Things went through rather stark twists and turns on the tarmac before it got
to this point. Earlier, in desperation to increase market share, Air India had
gone in for an aggressive wet and dry leasing of aircraft. (With a wet lease,
an airline provides an aircraft, complete with crew, maintenance and insurance,
to another airline, with payment by the hour operated; under a dry lease, only
the aircraft is provided, with a term of perhaps two years.)
There are even unconfirmed reports to suggest the cash-starved company, at the
behest of the ministry, sold some planes from its older fleet only to lease
them back. Whatever the logic, Air India dry-leased three Boeing 747s to
develop a new Los Angeles route (only to abandon it at a later stage), and one
for the Bangkok-Kuala Lumpur route. This was in 2006. By the middle of 2007, it
started getting its own new aircraft. In a near-farcical situation, it is now
forced to keep 10 Boeing 777s and 737s grounded at a cost of $170 million.
This is not the end. Air India's plight became more dire after part of its
lucrative routes were parceled off to international carriers in pursuance of
the UPA government's open-air policy. Bilateral rights amounting to 90,000
seats per week were given to Emirates, Qatar Airways, Singapore Airlines, Thai
Airways International and Lufthansa. In exchange, the Indian private sector Jet
Airways managed to get 12,000 seats per week to destinations that were
frequented or monopolized until then by Air India.
Then, in an attempt to get Air India into the budget airline segment, the
ministry floated Air India Express to fly in heavy service-sector passenger
routes - Singapore, Sharjah, Muscat - cutting into what was till then an Indian
Airlines market. On the flip side, Indian air travellers did benefit from the
bonanza of cheap tickets.
In addition, some of Air India's money-spinning ground operations have also
been hived off. Singapore Airport Terminal Services has managed to get the
ground-handling operations in Bangalore and Hyderabad (worth $185 million).
To top it all, the merger of the two - the international and the domestic
airlines - does not seem to have gone particularly well.
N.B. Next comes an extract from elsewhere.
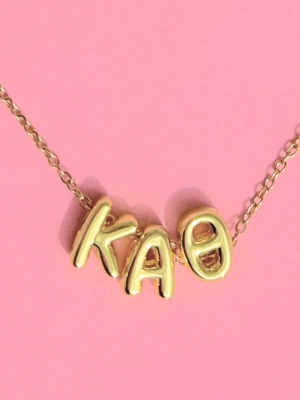 Sorority Bubble Necklace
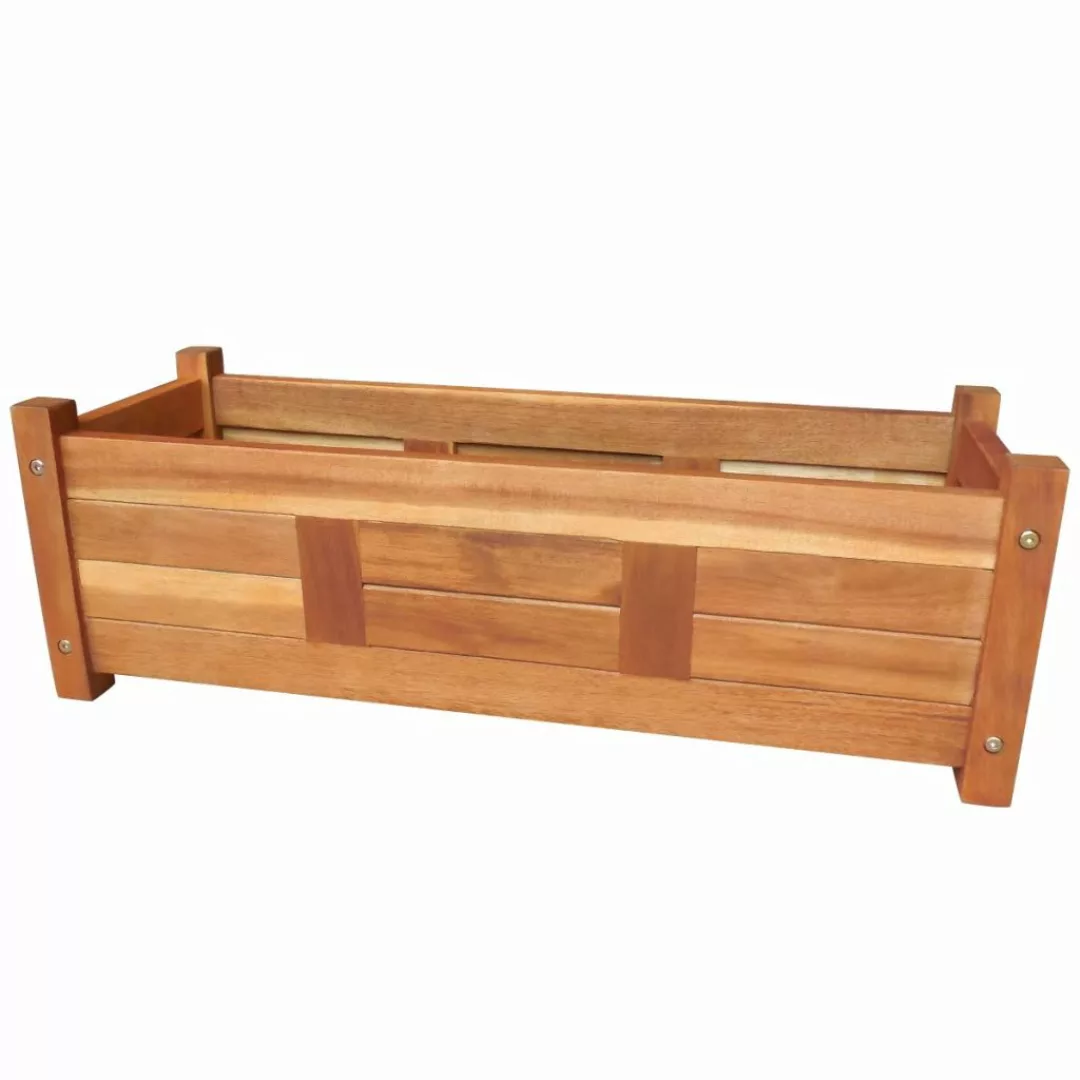 Garten-hochbeet Akazienholz 76x27,6x25 Cm günstig online kaufen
It left employees of
both sides disgruntled on various issues relating to facilities and pay -
former Indian Airlines officials have been complaining about lower
performance-linked incentives; in Air India they grumble about lower
emoluments. Now, both employee pools will face drastic cuts, if the government
can overpower the unions.
A former chairman and managing director of Air India, P C Sen, who oversaw a
successful restructuring in the last decade, says it is possible to turn around
the ailing company through route rationalization and improvement of services,
as he had done. But the workforce has to cooperate as they did last time,
thanks to incentive packages. In this round, Air India is clearly in no
position to buy employees' support through salary enhancements and nor is the
government in a mood to bankroll such an initiative.
The airline and its workforce have always generated enough critics. The
prominent among them think it's time the "national carrier" faded from the sky
since it doesn't have the drive to compete. At the same time, the recent more
open-sky policy, with increased competition, may have hurt the Maharaja, but it
has greatly benefited the ordinary Indian passenger.
Santwana Bhattacharya is a New Delhi-based journalist who writes on
politics, parliament and elections. She is currently working on a book on
electoral reforms and the emergence of regional parties in India.